WHAT THE TASK REQUIRES » Copy, word for word, each line of the data below from the first through the line containing "2027 Thor Motor", and stop there.

Source records:
┄┄┄┄┄┄┄┄┄┄┄┄┄┄┄┄┄┄┄┄
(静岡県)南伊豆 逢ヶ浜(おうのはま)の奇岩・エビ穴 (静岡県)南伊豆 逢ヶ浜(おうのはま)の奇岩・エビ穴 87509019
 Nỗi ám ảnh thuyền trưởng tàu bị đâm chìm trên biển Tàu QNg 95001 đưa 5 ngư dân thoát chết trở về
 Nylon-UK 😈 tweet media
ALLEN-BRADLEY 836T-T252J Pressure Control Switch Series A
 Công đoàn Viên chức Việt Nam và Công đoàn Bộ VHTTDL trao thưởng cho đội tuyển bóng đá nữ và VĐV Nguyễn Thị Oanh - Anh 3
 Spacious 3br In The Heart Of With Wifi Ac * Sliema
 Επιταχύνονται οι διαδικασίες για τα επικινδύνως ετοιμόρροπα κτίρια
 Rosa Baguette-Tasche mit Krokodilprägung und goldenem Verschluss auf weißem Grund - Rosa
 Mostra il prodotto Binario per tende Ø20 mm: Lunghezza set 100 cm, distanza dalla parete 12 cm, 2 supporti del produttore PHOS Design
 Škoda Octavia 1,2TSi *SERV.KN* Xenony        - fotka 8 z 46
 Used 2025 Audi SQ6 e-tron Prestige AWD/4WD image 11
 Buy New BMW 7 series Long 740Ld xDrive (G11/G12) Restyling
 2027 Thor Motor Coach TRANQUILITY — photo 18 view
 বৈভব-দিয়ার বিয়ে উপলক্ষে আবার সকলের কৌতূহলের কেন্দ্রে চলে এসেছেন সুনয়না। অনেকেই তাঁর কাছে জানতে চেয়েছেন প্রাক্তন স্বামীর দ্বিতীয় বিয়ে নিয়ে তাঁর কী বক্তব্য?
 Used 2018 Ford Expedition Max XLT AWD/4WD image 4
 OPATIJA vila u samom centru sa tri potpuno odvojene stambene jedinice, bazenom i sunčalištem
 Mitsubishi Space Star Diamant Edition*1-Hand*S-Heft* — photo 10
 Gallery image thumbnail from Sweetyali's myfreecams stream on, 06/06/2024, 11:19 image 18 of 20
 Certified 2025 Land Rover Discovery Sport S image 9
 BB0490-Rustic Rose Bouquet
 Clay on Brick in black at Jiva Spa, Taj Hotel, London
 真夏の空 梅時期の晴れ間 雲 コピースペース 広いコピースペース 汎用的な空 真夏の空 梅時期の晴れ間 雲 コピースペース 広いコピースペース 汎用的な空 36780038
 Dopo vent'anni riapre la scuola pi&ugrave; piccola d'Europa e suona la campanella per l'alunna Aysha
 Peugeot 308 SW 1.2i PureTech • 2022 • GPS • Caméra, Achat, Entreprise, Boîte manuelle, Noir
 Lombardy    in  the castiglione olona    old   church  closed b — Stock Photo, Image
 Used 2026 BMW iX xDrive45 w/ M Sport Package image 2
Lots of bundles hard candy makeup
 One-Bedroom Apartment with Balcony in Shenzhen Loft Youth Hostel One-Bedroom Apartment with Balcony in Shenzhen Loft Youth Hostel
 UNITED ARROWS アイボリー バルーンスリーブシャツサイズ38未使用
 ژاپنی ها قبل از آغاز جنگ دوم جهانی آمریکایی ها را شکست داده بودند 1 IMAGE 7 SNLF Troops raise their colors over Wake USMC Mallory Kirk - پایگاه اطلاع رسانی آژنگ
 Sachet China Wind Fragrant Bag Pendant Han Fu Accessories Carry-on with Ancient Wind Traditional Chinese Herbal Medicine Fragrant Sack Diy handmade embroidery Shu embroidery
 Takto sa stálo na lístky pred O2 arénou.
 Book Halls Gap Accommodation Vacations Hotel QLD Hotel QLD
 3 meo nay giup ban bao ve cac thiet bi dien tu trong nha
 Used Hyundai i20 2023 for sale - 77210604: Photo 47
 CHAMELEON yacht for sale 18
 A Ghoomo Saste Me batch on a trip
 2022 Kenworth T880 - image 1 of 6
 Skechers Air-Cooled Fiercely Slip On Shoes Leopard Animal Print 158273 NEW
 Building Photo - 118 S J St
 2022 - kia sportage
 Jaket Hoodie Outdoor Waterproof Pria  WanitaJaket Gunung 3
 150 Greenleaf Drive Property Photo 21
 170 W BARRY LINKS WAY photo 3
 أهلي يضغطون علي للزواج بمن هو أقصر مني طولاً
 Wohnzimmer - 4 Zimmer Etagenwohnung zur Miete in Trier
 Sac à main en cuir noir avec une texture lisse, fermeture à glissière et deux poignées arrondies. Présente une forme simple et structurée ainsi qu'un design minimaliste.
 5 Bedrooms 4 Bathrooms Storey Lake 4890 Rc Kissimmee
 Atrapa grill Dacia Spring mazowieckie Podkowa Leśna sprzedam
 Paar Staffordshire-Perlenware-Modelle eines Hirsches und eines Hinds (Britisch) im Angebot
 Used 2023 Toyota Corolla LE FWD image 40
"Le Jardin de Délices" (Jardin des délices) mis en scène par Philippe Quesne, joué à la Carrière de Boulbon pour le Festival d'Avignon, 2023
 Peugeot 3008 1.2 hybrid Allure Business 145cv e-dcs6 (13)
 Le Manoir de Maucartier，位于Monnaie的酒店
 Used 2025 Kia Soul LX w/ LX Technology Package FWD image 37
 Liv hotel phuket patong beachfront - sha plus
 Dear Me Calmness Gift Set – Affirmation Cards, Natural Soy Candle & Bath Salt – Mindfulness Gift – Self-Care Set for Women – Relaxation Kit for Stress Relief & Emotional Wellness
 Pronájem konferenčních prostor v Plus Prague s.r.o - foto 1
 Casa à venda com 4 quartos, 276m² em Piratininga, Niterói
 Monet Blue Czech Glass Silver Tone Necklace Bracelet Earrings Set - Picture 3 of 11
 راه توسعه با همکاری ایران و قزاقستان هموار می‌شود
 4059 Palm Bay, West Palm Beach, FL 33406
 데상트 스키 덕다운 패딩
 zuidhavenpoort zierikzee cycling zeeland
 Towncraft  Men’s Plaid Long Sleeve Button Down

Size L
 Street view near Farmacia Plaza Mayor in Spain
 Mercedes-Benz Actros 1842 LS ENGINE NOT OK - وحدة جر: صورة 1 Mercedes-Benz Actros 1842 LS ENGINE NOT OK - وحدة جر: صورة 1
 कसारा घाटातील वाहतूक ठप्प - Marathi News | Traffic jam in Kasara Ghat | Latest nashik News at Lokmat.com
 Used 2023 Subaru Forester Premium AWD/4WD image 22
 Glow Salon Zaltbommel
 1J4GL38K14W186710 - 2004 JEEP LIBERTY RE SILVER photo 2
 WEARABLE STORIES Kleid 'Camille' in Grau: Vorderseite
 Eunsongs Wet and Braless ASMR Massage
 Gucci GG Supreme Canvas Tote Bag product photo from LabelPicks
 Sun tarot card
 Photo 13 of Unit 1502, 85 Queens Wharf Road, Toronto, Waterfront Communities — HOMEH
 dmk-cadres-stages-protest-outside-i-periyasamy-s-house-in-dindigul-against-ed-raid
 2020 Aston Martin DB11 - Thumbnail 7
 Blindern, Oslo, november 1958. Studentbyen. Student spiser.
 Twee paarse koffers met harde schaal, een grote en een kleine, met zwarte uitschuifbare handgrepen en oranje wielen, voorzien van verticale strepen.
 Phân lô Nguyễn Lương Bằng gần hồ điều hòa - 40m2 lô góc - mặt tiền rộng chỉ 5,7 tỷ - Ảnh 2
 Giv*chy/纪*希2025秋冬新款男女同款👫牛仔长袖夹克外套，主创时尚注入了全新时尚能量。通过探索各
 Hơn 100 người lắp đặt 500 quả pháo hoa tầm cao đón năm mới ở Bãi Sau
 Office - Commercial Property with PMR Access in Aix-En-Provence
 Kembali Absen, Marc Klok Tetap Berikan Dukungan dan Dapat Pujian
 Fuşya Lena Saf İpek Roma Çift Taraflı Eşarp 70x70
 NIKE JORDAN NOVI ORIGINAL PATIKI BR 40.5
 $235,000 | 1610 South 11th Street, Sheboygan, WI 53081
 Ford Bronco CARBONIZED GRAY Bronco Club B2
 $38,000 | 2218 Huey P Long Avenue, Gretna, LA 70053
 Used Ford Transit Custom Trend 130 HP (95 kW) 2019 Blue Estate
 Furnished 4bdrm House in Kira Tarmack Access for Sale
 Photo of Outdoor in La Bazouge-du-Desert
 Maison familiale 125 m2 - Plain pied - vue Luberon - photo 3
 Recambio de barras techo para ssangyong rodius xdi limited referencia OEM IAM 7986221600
┄┄┄┄┄┄┄┄┄┄┄┄┄┄┄┄┄┄┄┄
ANSWER SECTION »
(静岡県)南伊豆 逢ヶ浜(おうのはま)の奇岩・エビ穴 (静岡県)南伊豆 逢ヶ浜(おうのはま)の奇岩・エビ穴 87509019
 Nỗi ám ảnh thuyền trưởng tàu bị đâm chìm trên biển Tàu QNg 95001 đưa 5 ngư dân thoát chết trở về
 Nylon-UK 😈 tweet media
ALLEN-BRADLEY 836T-T252J Pressure Control Switch Series A
 Công đoàn Viên chức Việt Nam và Công đoàn Bộ VHTTDL trao thưởng cho đội tuyển bóng đá nữ và VĐV Nguyễn Thị Oanh - Anh 3
 Spacious 3br In The Heart Of With Wifi Ac * Sliema
 Επιταχύνονται οι διαδικασίες για τα επικινδύνως ετοιμόρροπα κτίρια
 Rosa Baguette-Tasche mit Krokodilprägung und goldenem Verschluss auf weißem Grund - Rosa
 Mostra il prodotto Binario per tende Ø20 mm: Lunghezza set 100 cm, distanza dalla parete 12 cm, 2 supporti del produttore PHOS Design
 Škoda Octavia 1,2TSi *SERV.KN* Xenony        - fotka 8 z 46
 Used 2025 Audi SQ6 e-tron Prestige AWD/4WD image 11
 Buy New BMW 7 series Long 740Ld xDrive (G11/G12) Restyling
 2027 Thor Motor Coach TRANQUILITY — photo 18 view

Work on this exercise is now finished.